WHAT IS EXPECTED: For this exercise, the lines from the one with "- White Writable" through the final line of the data below are to be transcribed exactly, and pictures are to be skipped.

Records contained in a dataset:
= = = =

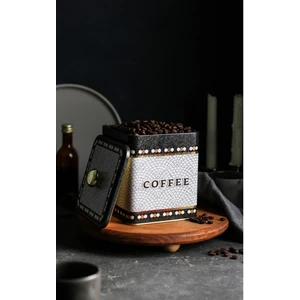 ER023-7D Mosaic Coffee Desenli Kare Metal Saklama Kabı 12X12 cm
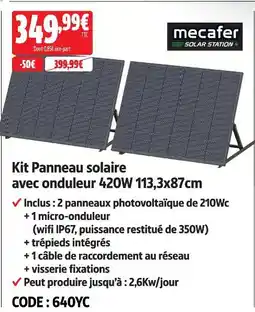 Screwfix Mecafer kit panneau solaire avec onduleur 420w 113,3x87cm offre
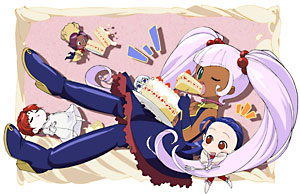 cake chibi dark_skin demon demon_girl girl glenda petite_princess_yucie pigtails pink_hair princess puchi_puri_yucie tanned_skin yucie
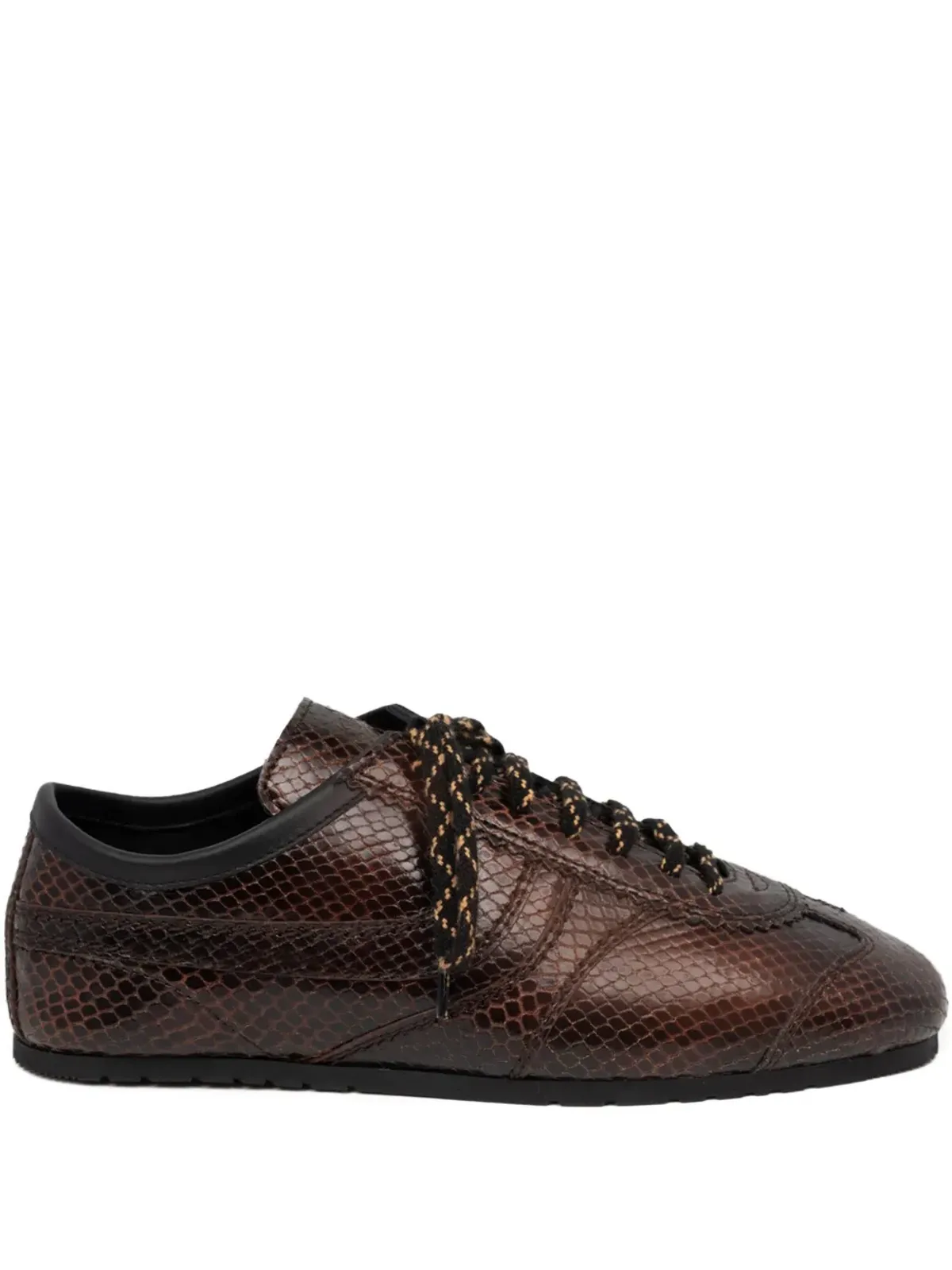 DRIES VAN NOTEN 蛇皮風レザーのスニーカー - 画像1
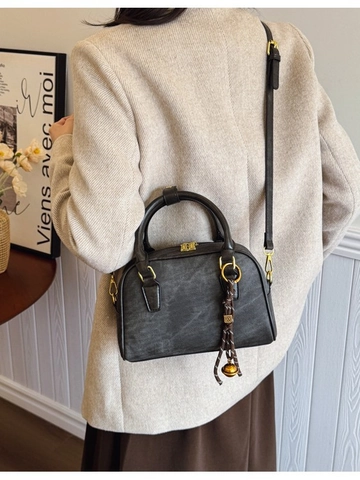Borsa Boston da Donna in Pelle PU Vintage Borsa a Mano in Contrasto Colore Con Ciondolo Campanello Borsa a Tracolla alla Moda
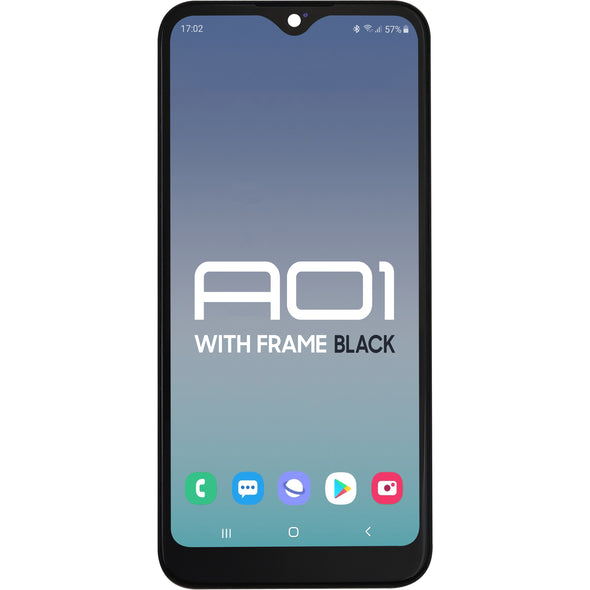 Samsung A01 LCD With Touch + Frame Black (small connector & Bigger digitizer) (TYPE-C FRAME)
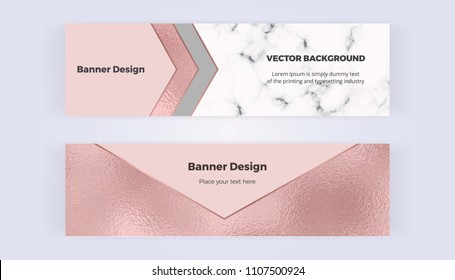 Geometric web banners with pink foil triangles. Modern luxury and fashion design with marble texture. Horizontal template for business, card, flyer, invitation, social media.
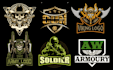 design military badge, patch, round sticker label logo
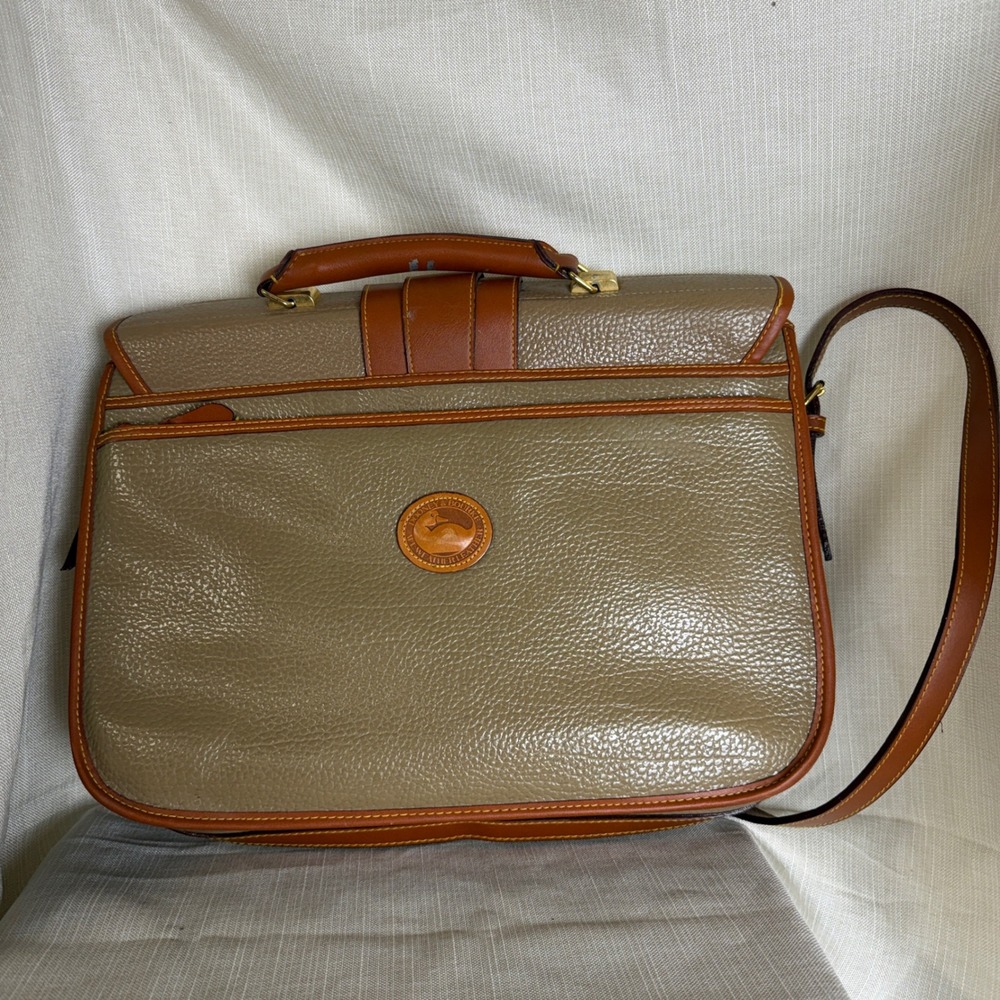 Dooney & Bourke All Weather Leather Briefcase Messenger Bag Taupe Tan Vintage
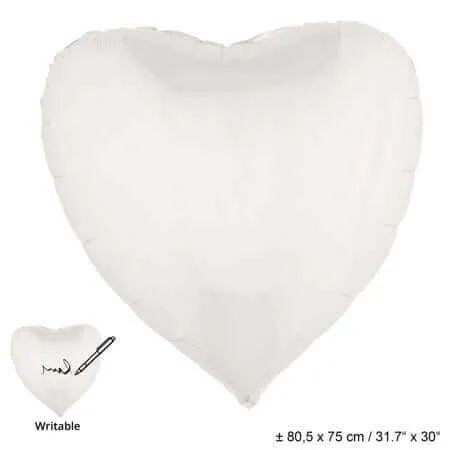 32" Heart Shaped Mylar Balloon - White Writable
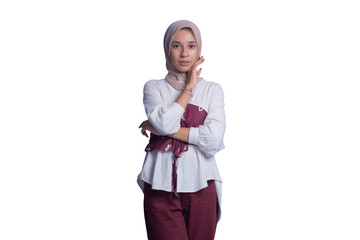 Young Pretty Modern Muslim Woman in Hijab on Transparent Cut-Outs Background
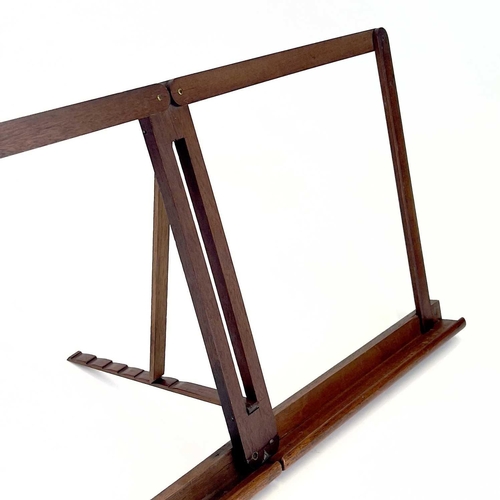 156 - A mahogany folding music stand. Height 28cm, width 54cm.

= = = =

FINISHED TASK:
 32" Heart Shaped Mylar Balloon - White Writable
 Young Pretty Modern Muslim Woman in Hijab on Transparent Cut-Outs Background
 156 - A mahogany folding music stand. Height 28cm, width 54cm.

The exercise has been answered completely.